Zu Hause war noch alles okay, dein Kind hat sich sehr auf die Kita gefreut, aber beim “Tschüss“-Sagen vor Ort will es dich plötzlich nicht mehr gehen lassen?
Diese Situation kennen viele Eltern.
Hinter tränenreichen Abschieden können verschiedene Gründe stecken, wie etwa …
Normaler Trennungsschmerz
Als Elternteil bist du vermutlich eine der Bindungspersonen für dein Kind. Bei dir sieht es seine Grundbedürfnisse befriedigt und findet Nähe, Sicherheit, Geborgenheit und Liebe.
Bis zum 15. bis 18. Lebensmonat erlebt es sich sogar noch als Einheit mit dir und der anderen Bindungsperson. Erst danach erkennt es allmählich, dass es ein eigenständiges Wesen mit individuellen Bedürfnissen, Wünschen und Meinungen ist.
Insofern ist ein gelegentlicher Trennungsschmerz am Morgen im Kleinkindalter völlig entwicklungs- und altersentsprechend.

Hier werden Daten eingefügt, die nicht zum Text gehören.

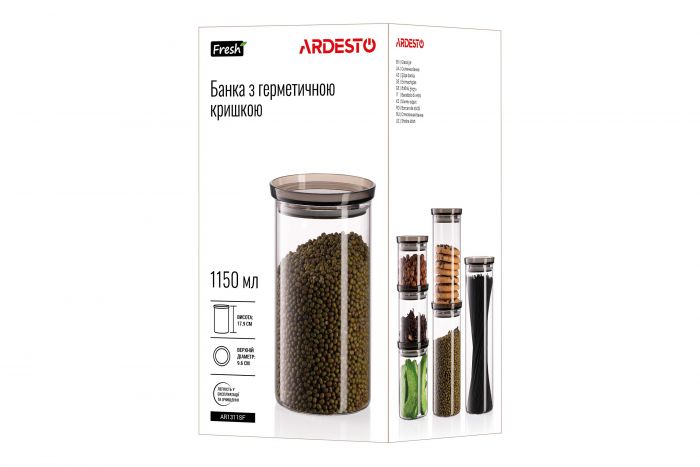 Банка для зберігання Ardesto Fresh, 1150мл, скло, пластик, прозорий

Die Tages- und Phasenstimmung
Vermutlich hast auch du mal Tage, an denen du einfach nur die Decke über den Kopf ziehen möchtest. Es sind gerade diese Zeiten, in denen deine Herzensmenschen besonders wichtig für dich sind, oder?
Wie jeder Mensch hat auch dein Kind unterschiedliche Stimmungen und Phasen. Das wiederum verstärkt womöglich sein inneres Bedürfnis nach Sicherheit, Stabilität und Geborgenheit.
War dein Kind lange krank, ihr im Urlaub oder ist es der erste Kita-Tag nach einem langen Wochenende als Familie, kann das den Abschied noch mehr erschweren. Auch ein aktiver geistiger Entwicklungsschub oder ein körperlicher Wachstumsschub können morgendliche Abschieds-Tränen verstärken.
Dein (unbewusstes wie bewusstes) Gefühl beim Abschied
Ja, auch deine eigenen Gefühle spielen bei der Verabschiedung vom Kind eine Rolle. Gerade im Kita-Alter lernt dein Kind nämlich größtenteils durch Nachahmung und liest jedes deiner Signale akribisch.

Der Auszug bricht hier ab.